Records for this exercise START

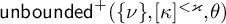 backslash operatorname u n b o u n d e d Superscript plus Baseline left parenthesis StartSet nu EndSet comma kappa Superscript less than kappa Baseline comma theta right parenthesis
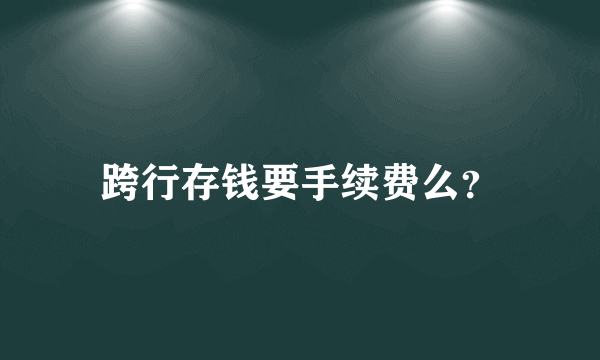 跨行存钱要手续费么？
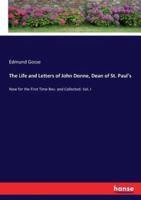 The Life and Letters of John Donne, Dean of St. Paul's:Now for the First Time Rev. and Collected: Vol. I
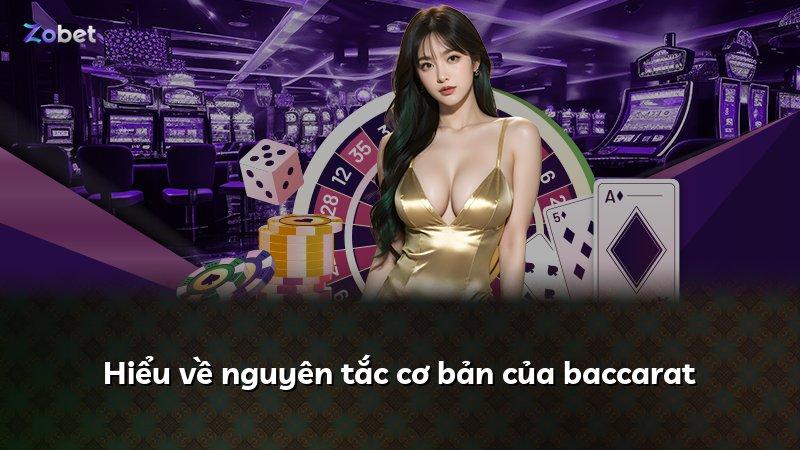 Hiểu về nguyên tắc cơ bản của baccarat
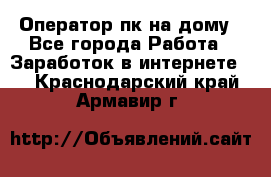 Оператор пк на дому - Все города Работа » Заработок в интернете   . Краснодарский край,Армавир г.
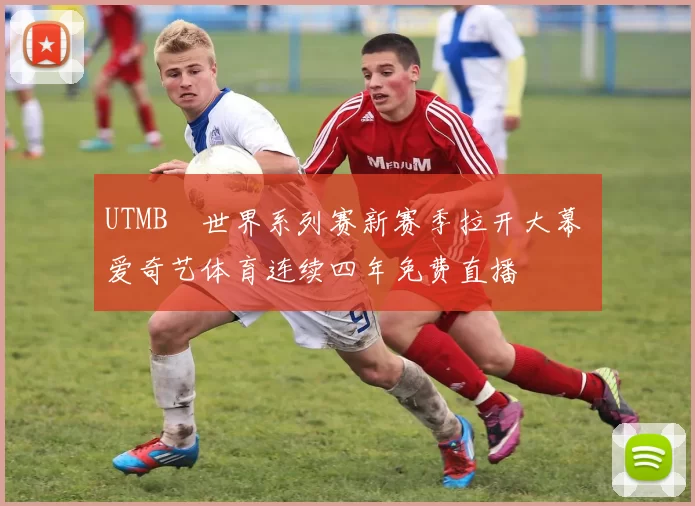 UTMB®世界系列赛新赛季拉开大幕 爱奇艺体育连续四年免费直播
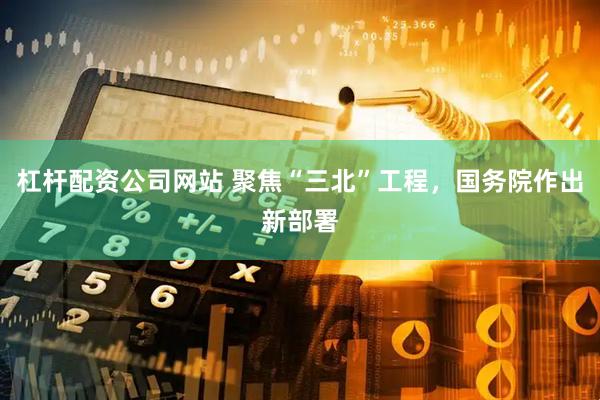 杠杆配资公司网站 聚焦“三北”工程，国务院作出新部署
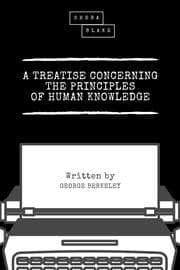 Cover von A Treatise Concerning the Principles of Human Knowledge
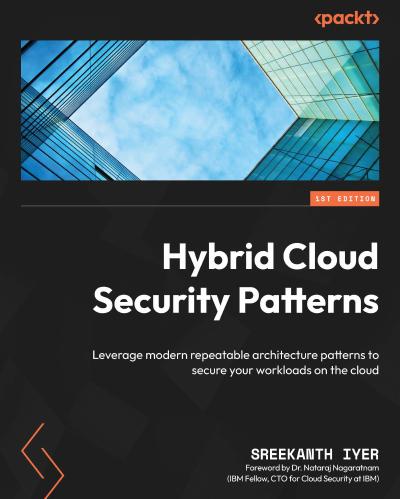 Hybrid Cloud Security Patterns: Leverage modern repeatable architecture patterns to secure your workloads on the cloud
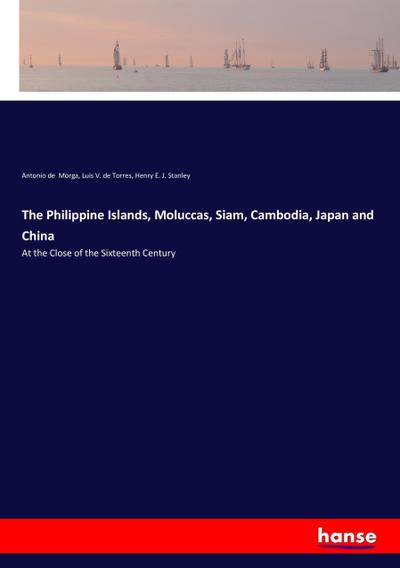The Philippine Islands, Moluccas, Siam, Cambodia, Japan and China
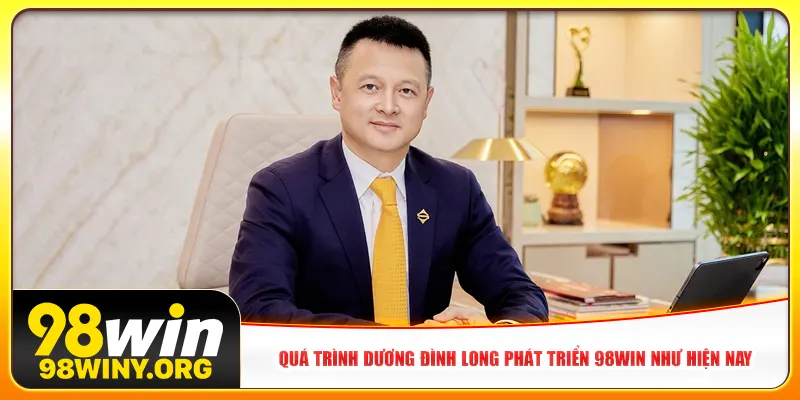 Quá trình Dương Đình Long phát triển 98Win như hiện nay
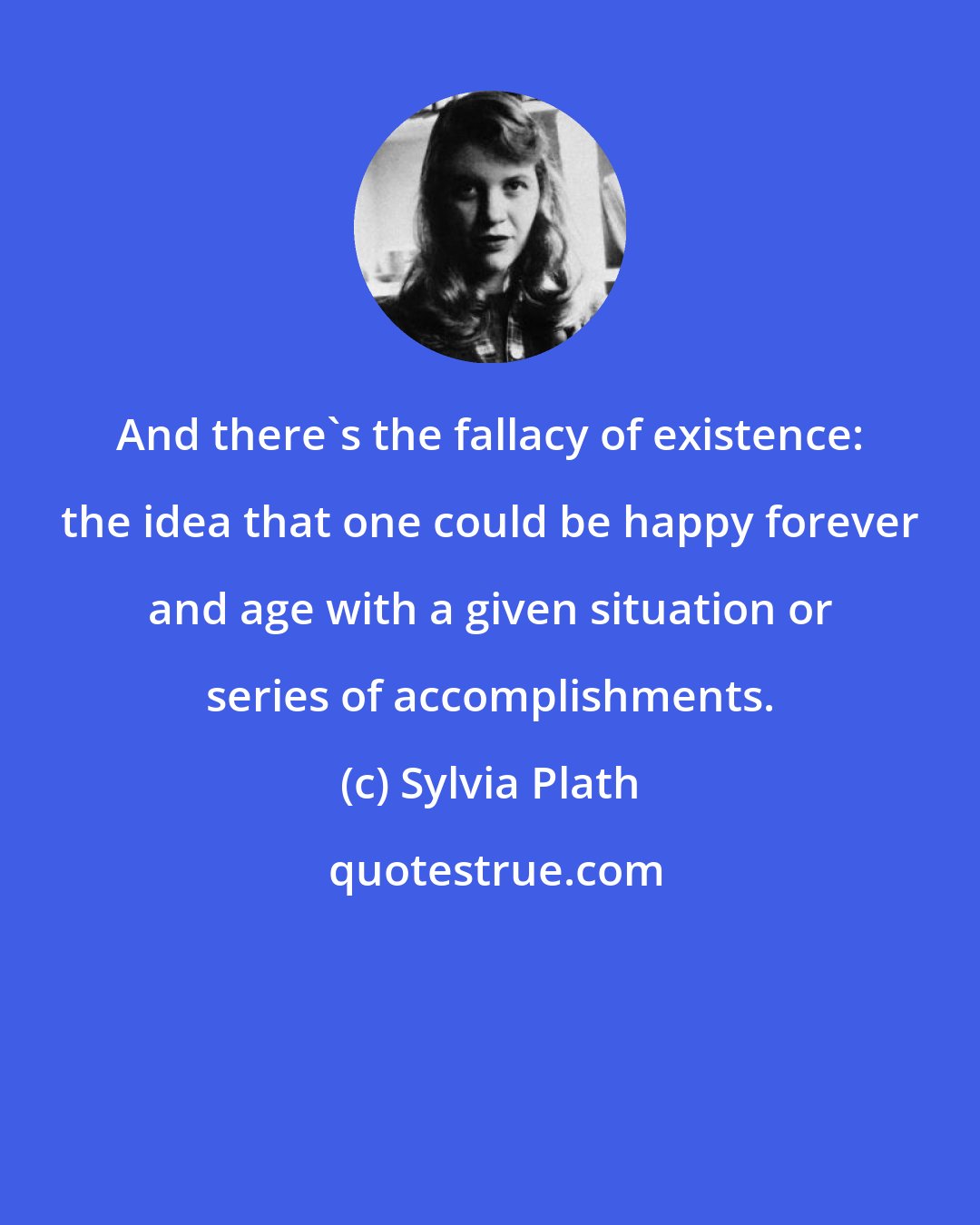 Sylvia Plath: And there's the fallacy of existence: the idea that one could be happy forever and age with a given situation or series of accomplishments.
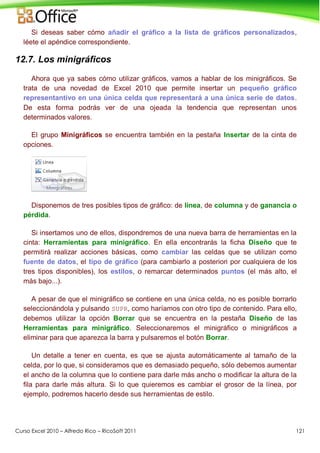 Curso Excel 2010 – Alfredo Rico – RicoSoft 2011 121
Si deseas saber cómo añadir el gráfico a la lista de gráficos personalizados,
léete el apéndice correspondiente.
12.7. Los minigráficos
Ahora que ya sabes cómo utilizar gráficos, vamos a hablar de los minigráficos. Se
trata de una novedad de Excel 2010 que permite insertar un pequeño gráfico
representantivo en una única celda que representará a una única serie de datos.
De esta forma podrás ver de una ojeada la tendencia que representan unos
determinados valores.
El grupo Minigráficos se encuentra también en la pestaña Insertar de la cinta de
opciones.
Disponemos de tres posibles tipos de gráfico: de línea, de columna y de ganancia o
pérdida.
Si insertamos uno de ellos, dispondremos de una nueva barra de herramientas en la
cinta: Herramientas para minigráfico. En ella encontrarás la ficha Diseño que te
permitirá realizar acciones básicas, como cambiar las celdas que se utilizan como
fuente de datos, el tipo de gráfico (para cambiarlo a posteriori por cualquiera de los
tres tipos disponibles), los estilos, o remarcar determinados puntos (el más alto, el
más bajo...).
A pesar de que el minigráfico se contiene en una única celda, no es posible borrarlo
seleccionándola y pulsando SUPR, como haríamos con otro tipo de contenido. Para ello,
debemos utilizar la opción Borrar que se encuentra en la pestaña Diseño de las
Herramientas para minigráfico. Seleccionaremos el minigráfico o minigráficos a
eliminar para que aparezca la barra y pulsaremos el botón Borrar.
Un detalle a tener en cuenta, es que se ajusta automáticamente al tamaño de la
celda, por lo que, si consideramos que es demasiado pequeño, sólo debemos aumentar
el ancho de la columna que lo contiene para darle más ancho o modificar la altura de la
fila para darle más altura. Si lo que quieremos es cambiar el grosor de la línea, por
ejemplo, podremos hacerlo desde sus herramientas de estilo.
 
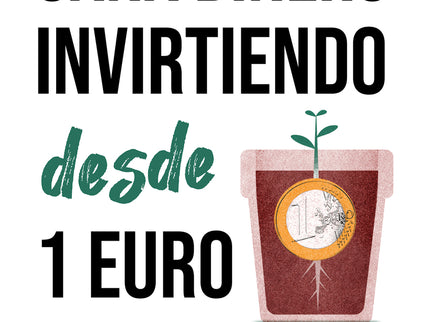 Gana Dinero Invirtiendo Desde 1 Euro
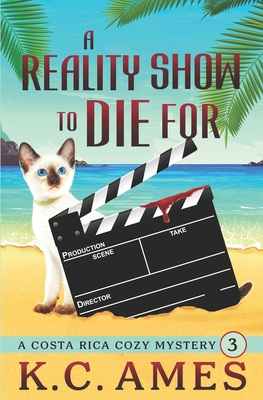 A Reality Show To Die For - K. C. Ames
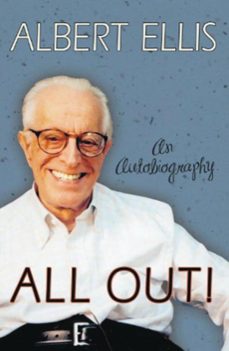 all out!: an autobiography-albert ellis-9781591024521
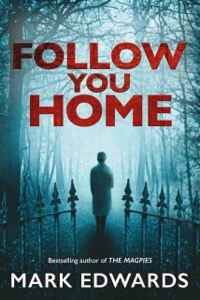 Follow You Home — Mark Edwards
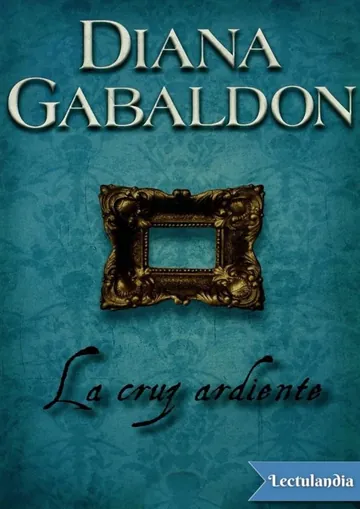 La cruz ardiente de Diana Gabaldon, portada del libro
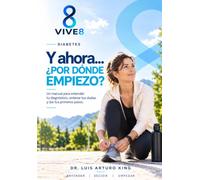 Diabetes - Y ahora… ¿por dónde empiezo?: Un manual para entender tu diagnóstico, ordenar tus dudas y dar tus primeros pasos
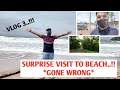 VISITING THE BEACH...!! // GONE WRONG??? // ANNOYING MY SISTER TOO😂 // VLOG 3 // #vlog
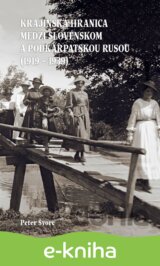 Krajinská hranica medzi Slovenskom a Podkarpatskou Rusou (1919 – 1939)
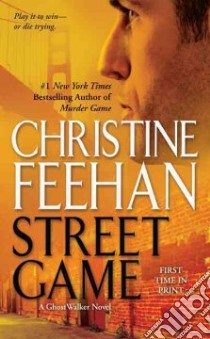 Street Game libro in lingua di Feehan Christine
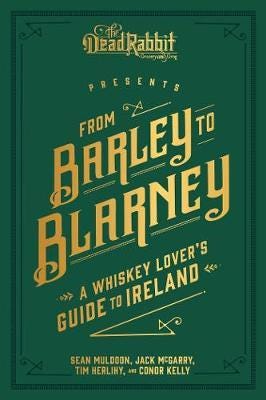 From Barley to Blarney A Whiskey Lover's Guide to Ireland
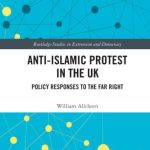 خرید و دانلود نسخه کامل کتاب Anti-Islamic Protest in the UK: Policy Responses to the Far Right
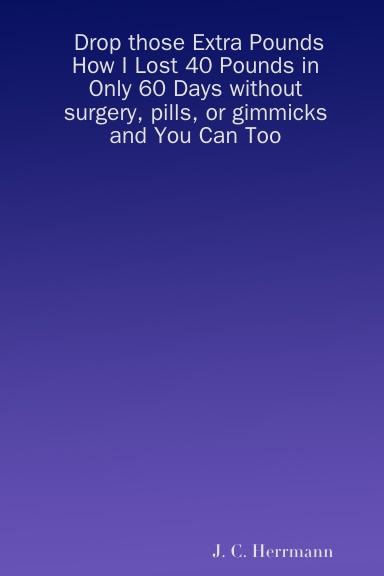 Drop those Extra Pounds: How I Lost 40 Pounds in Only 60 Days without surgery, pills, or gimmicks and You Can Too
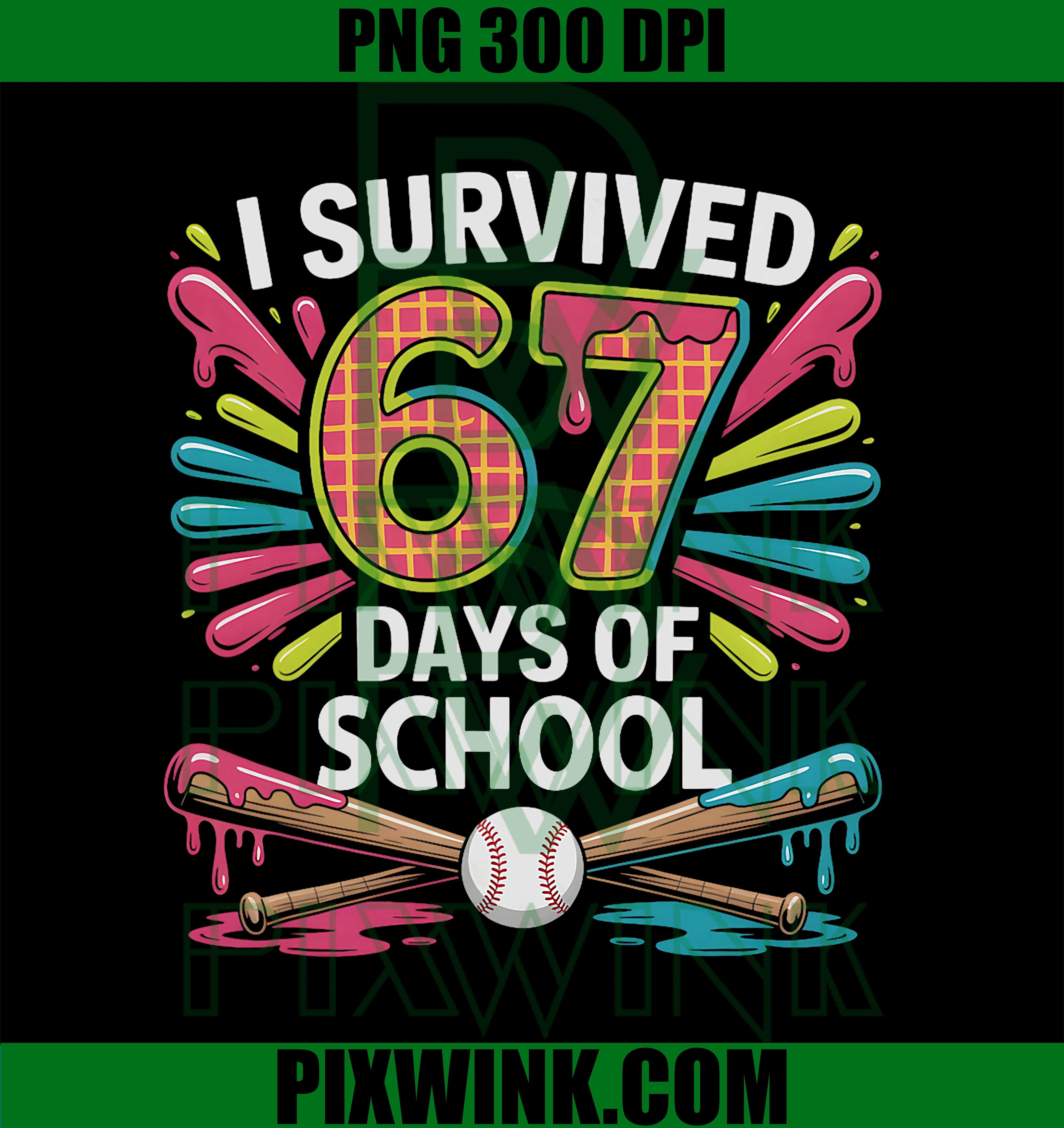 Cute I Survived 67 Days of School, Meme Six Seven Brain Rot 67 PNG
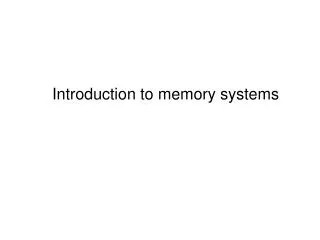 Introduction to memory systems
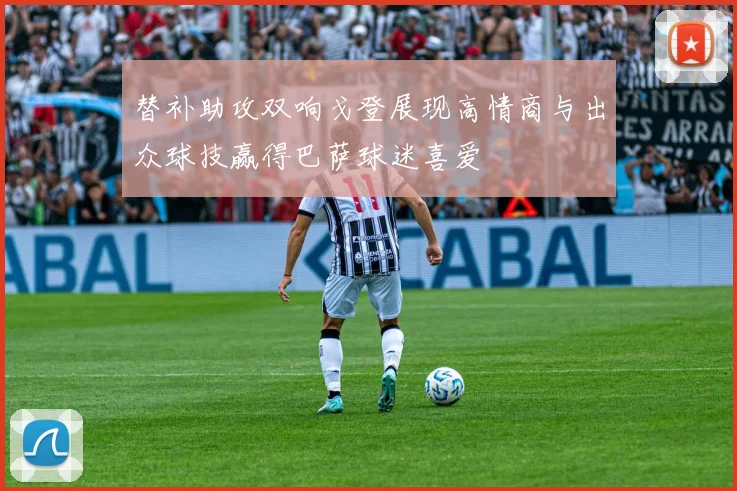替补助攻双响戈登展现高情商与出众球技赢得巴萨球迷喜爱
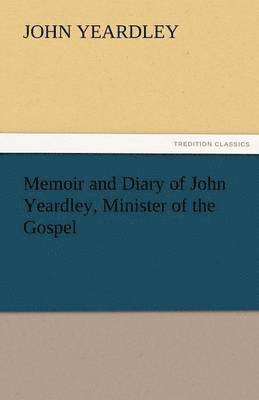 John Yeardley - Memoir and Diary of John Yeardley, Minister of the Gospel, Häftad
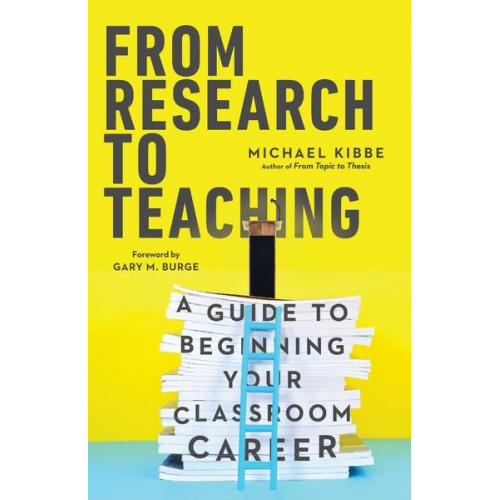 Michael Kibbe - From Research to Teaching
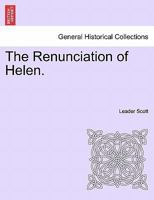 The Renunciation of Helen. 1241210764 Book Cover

Records for this exercise END

## Instructions to follow
What is wanted is an exact copy of the lines above from the one containing "Gana Dinero Invirtiendo Desde 1 Euro" through the one containing "替补助攻双响戈登展现高情商与出众球技赢得巴萨球迷喜爱", with no pictures in it.

## Answer box
 Gana Dinero Invirtiendo Desde 1 Euro
 A Reality Show To Die For - K. C. Ames
 all out!: an autobiography-albert ellis-9781591024521
 Follow You Home — Mark Edwards
 La cruz ardiente de Diana Gabaldon, portada del libro
 Diabetes - Y ahora… ¿por dónde empiezo?: Un manual para entender tu diagnóstico, ordenar tus dudas y dar tus primeros pasos
 VISITING THE BEACH...!! // GONE WRONG??? // ANNOYING MY SISTER TOO😂 // VLOG 3 // #vlog
 Krajinská hranica medzi Slovenskom a Podkarpatskou Rusou (1919 – 1939)
 Street Game libro in lingua di Feehan Christine
 From Barley to Blarney A Whiskey Lover's Guide to Ireland
 خرید و دانلود نسخه کامل کتاب Anti-Islamic Protest in the UK: Policy Responses to the Far Right
 Drop those Extra Pounds: How I Lost 40 Pounds in Only 60 Days without surgery, pills, or gimmicks and You Can Too
 Cute I Survived 67 Days of School, Meme Six Seven Brain Rot 67 PNG
 Introduction to memory systems
替补助攻双响戈登展现高情商与出众球技赢得巴萨球迷喜爱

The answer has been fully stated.